A Duplicate Manager defines the user interface into which data stewards review, merge, split groups of matching records, and override the values of the golden consolidated records.

A duplicate manager is used when the user triggers a duplicate management action with a selection of records. Actions include:

  • Review and Confirm Duplicates to confirm groups of fuzzy matching records after reviewing these groups into details.

  • Merge or Split Duplicates to reorganize groups of fuzzy matching records.

  • Review Duplicates Suggestions to accept, reject or reorganized suggestions made on groups of fuzzy matching records.

In a duplicate manager:

  • Actions on match groups and suggestions are performed using two alternate views:

    • A Graph view, into which master records, golden records, and suggestions appear as graph nodes. This view helps data stewards understanding groups/suggestions as well as the match rules that relate master records. The content of the nodes is defined by a Display Card.

    • A Table view, into which master records, golden records, and suggestions appear as rows in a tree table. This view helps data stewards understanding groups/suggestions, even for very large groups and suggestions, but relationships between master records (match rules) are not exposed. The appearance of the table is defined by a Table View Collection.

  • The user may select and add records to the duplicate management operation. He selects these records from a Collection, optionally sorted and filtered according to search configurations.

  • The user can visualize the details of a record as defined in a selected Form Tab.

  • The same form tab is also used in the Explain Record view that shows the master records values that consolidate to compose a golden record.

  • The form tab is also used as an authoring form to override the values of the consolidated golden record.

Duplicate managers work at the entity level, and do not necessarily affect the child records referencing those modified by the duplicate manager:

  • When merging records in a duplicate manager, the child records can also automatically be merged, if their matching rule uses the ID of the referenced golden record, and if the job executed after the duplicate manager takes the child entity into account.

  • When splitting a match group into multiple golden, only the records in the entity managed by the duplicate manager are affected by the split. To propagate the split to child records, the reference linking the child record to the records being split must be configured with Split Duplicates Propagation set to Reset Matching, and the job executed after the duplicates manager must process the child entity.

A duplicate manager provides features that are available to the user depending on the configuration of the actions in the Action sets that use this duplicates manager.

Create duplicate managers

To create a duplicate manager:

  1. Right-click the Duplicate Managers node under an entity and select Add Duplicate Manager.
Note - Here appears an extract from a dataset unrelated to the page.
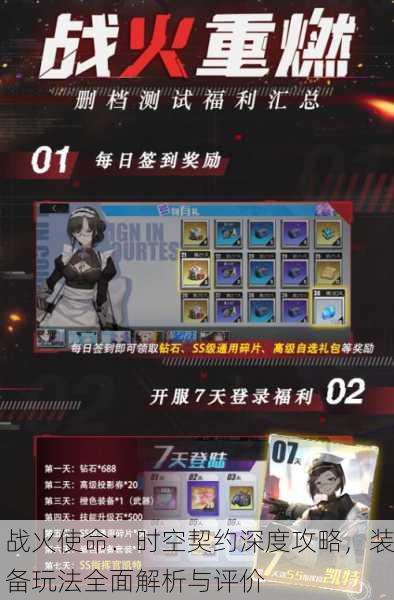 战火使命：时空契约深度攻略，装备玩法全面解析与评价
The Create New Duplicate Manager wizard opens.

  2. In the Create New Duplicate Manager wizard, enter the following values:

    • Name: Internal name of the object.

    • Label: User-friendly label for this object.

    • On Finish Job: Normally this should be left empty. Semarchy xDM automatically generates a job for you. In some advanced cases, you may need the ability to specify a particular job to execute. In these cases, you may select the job to execute when the user completes the duplicate manager and submits the changes.
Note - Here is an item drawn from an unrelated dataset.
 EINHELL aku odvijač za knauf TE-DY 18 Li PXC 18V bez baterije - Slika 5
    • Collection: Select the collection used to select records to add to the duplicate manager.

    • Display Card: Select the display card used to represent the records in the graph.

    • Form Tab: Select the form tab used to show or edit values of a record.
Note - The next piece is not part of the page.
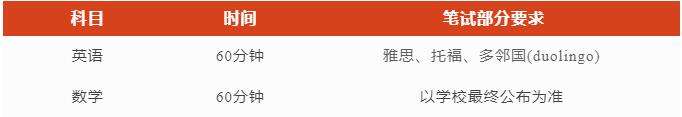上海安生学校高中部2023年奖学金政策.jpg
  3. Click Finish to close the wizard. The Duplicate Manager editor opens.

  4. Configure how value overrides take place for golden records:

    • Enable Master Value Picking: This option enables users overriding a consolidated value to select the override from the master records in addition to being able to enter their own values.

  5. By default, only the Graph view is enabled for managing duplicates. If you want to enable the Table view, select a Table View Collection in the Display Section. Note that the selected collection should have the Allow Table and the Display Card Column options selected.

  6. Configure in the Golden Record Selection section how records are selected and added to the duplicate manager:

    • Collection: Select the collection used to show the list of records.

    • Search Configuration: Click the Edit button to select and order search methods available to filter the list of records. The user will be able to filter the records using the selected search methods before seeing them in the collection.

    • Select Customize Sort and enter a SemQL Sort Expression to sort the records in the collection. You can also enable User-Defined Sort for this collection.

    • Select the available display type for the collection using the Allow Table, Allow List and Allow Grid properties, and select one of these as the Default Display Type.